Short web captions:
——

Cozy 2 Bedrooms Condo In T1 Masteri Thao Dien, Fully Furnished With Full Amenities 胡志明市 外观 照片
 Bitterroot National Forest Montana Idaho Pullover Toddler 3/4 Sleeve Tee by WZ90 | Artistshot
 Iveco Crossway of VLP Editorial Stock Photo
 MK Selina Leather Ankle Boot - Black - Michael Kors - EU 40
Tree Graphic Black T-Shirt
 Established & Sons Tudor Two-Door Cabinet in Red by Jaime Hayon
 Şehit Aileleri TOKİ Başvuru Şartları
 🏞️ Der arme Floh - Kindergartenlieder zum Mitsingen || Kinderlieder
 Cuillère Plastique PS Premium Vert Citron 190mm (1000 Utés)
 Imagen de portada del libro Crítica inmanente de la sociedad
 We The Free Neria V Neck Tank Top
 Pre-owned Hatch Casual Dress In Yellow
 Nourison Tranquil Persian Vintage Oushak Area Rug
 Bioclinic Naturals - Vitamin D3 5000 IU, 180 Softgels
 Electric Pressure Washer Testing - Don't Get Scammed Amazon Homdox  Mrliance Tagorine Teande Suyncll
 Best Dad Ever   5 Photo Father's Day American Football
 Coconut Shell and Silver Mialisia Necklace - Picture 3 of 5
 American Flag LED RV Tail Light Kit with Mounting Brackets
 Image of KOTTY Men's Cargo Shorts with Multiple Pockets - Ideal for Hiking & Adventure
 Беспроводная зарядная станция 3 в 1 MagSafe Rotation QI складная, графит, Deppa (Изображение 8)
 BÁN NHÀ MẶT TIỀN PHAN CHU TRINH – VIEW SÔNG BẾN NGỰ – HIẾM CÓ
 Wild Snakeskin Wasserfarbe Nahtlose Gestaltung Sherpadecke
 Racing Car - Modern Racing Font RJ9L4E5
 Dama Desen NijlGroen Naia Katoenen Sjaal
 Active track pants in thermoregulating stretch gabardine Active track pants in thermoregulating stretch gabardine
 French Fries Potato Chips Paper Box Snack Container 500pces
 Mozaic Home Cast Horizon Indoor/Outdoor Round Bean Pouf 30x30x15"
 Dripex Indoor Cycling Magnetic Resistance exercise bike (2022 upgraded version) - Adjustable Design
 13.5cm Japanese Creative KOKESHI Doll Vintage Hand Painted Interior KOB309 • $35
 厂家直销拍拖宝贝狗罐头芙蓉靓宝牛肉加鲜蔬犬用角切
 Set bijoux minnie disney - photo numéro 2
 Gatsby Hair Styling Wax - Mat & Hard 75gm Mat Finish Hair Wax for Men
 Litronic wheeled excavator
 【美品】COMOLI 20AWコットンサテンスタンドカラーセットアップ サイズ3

——

__Exercise directions__
Scan the entries above for the word "Vintage". Report the lines that hold it.

__Result for this exercise__
 Nourison Tranquil Persian Vintage Oushak Area Rug
 13.5cm Japanese Creative KOKESHI Doll Vintage Hand Painted Interior KOB309 • $35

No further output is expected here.